Ha ulteriormente ravvisato, nell’interpretazione della Prefettura, una lesione del diritto costituzionale al giusto processo: “Sotto il secondo profilo, una preclusione assoluta ed incondizionata all’accesso alla documentazione amministrativa propedeutica all’emanazione di una misura interdittiva antimafia si porrebbe in aperto contrasto con il diritto costituzionalmente garantito ad un giusto processo, tenuto conto anche delle limitazioni esistenti in tema di sindacato giurisdizionale esercitabile dal g.a., dal momento che la giurisprudenza è pacifica nel ritenere che l’ampia discrezionalità di apprezzamento riservata al Prefetto, a tutela delle condizioni di sicurezza ed ordine pubblico, può essere soggetta al sindacato del giudice amministrativo, solo sotto il profilo della sua logicità, in relazione alla rilevanza dei fatti accertati e, pertanto, nei soli limiti di evidenti vizi di eccesso di potere, dei profili della manifesta illogicità e dell’erronea e travisata valutazione dei presupposti (ex multis T.A.R. Lombardia Milano sez.

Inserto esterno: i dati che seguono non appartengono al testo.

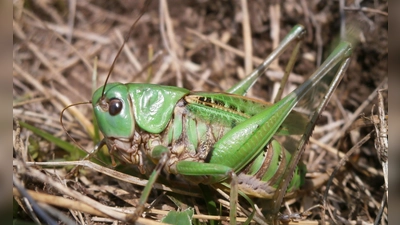 Seinen Namen erhielt der Warzenbeißer aufgrund eines alten Volksglaubens. (Foto - Handout) (Foto: Schmitt/Senckenberg/dpa)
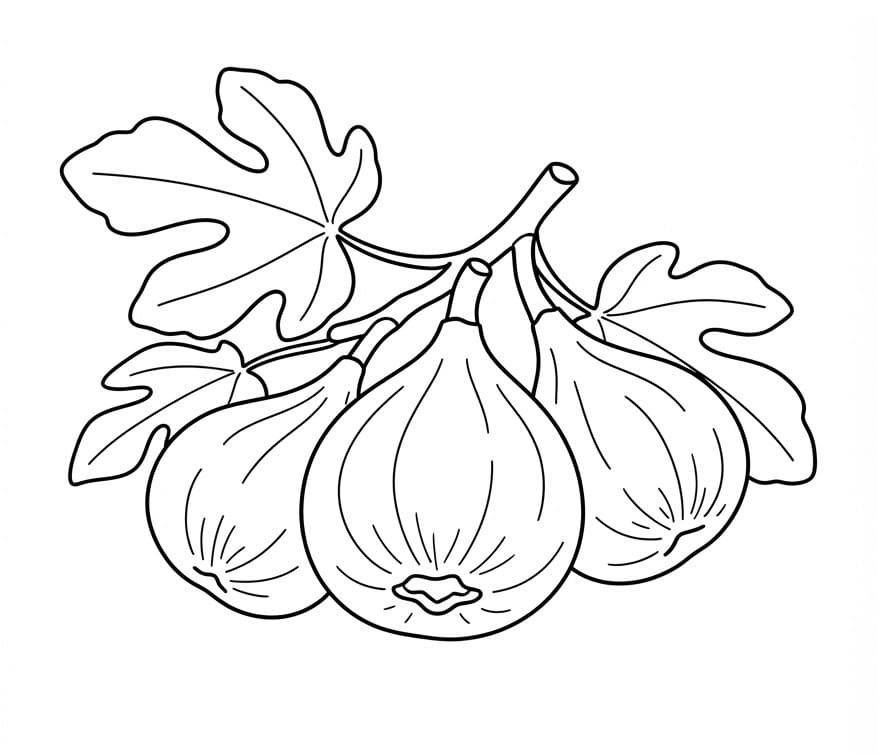 Coloriage Figue Imprimable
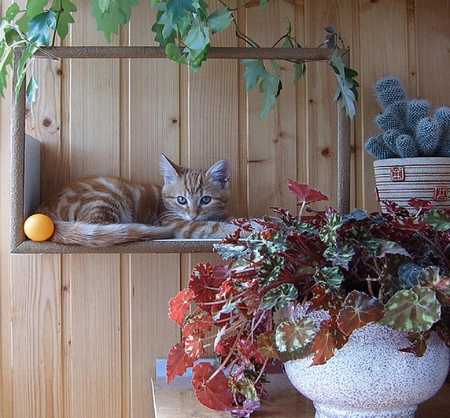 Cat by the begonia. - begonia, cat, wall, plant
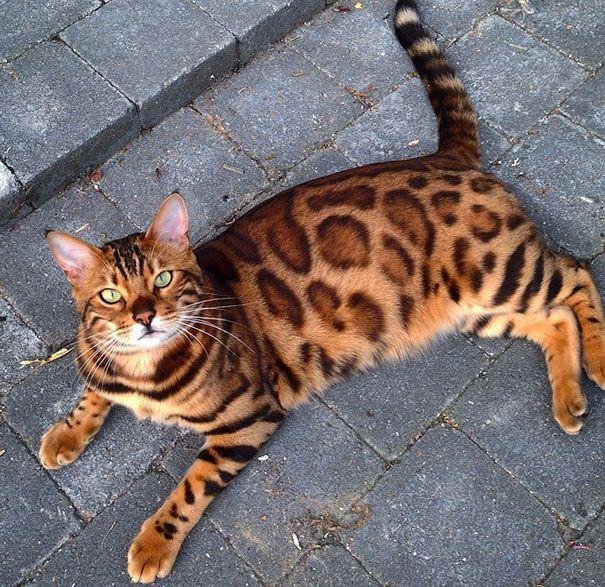 kot bengalski thor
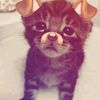 ndiowh_keicb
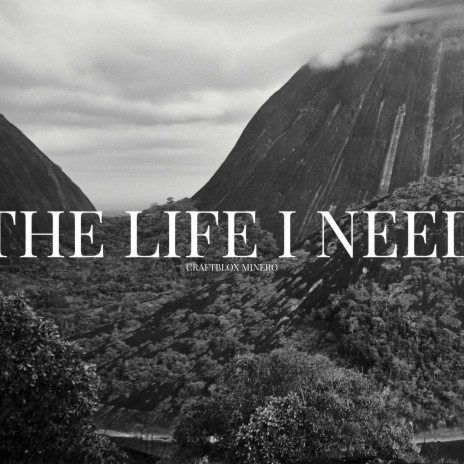 The Life I Need (Instrumental) | Boomplay Music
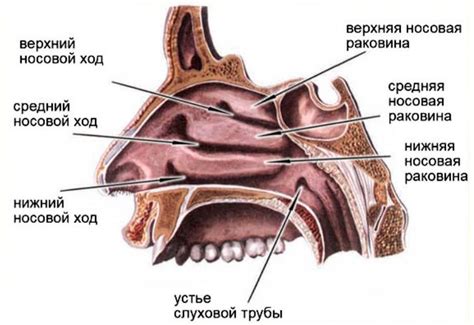 Архитектура носа и его функциональное значение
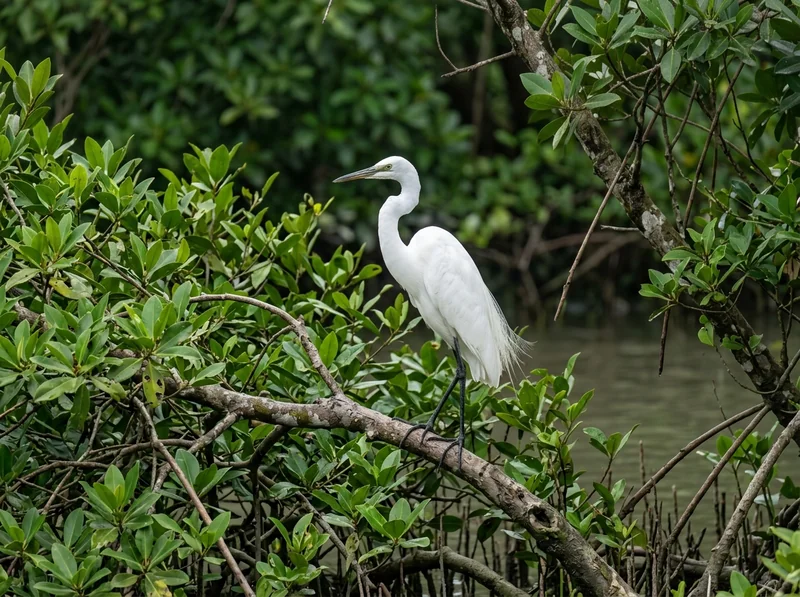 Sundarban White Egret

I, 24 ottobre 2018, n. 2398 cfr. Consiglio di Stato, sez. III, 25 giugno 2014 n. 3208; id., sez. III, 1 dicembre 2015, n. 5437; T.A.R. Campania, Napoli, sez. I, 6 novembre 2017, n, 5167)”.

Ha da ultimo attribuito rilievo alle misure introdotte dal DL 152/2021 convertito nella L. 233/2021: “Infine “last but not least” giova evidenziare che la recente novella di cui al decreto legge n. 152 del 6 novembre 2021 “Disposizioni urgenti per l’attuazione del PNRR e per la prevenzione dalle infiltrazioni mafiose” convertito nella legge 233/2021 (applicabile “ratione temporis” alla presente controversia ai sensi dell’art. 52 del decreto legge) pur nulla innovando in tema di diritto di accesso ha indubbiamente potenziato le garanzie procedimentali introducendo altresì sia misure di “self cleaning” che il nuovo istituto della prevenzione collaborativa, al fine di relegare l’interdittiva antimafia ad “extrema ratio” secondo le indicazioni provenienti dalla più recente giurisprudenza (Consiglio di Stato sez. III, 10 agosto 2020, n. 4979). È ovvia la rilevanza del pieno accesso documentale anche al fine di garantire la piena operatività delle nuove disposizioni, nell’ambito di un rapporto di collaborazione (vedi anche l’art. 1 c. 2-bis L.241/90 come aggiunto dal d.l. 76/2020) tra la Prefettura e l’impresa nei cui confronti è stato aperto un procedimento di interdittiva”.

Ha conclusivamente ritenuto ingiustificato il diniego opposto dalla Prefettura e affermato “il diritto di accesso della società ricorrente a tutta la documentazione richiesta in formato integrale con l’istanza del 7 marzo 2022, essendo la medesima necessaria per la difesa dei propri interessi giuridici ai sensi dell’art 24 c. settimo L. 241/90”.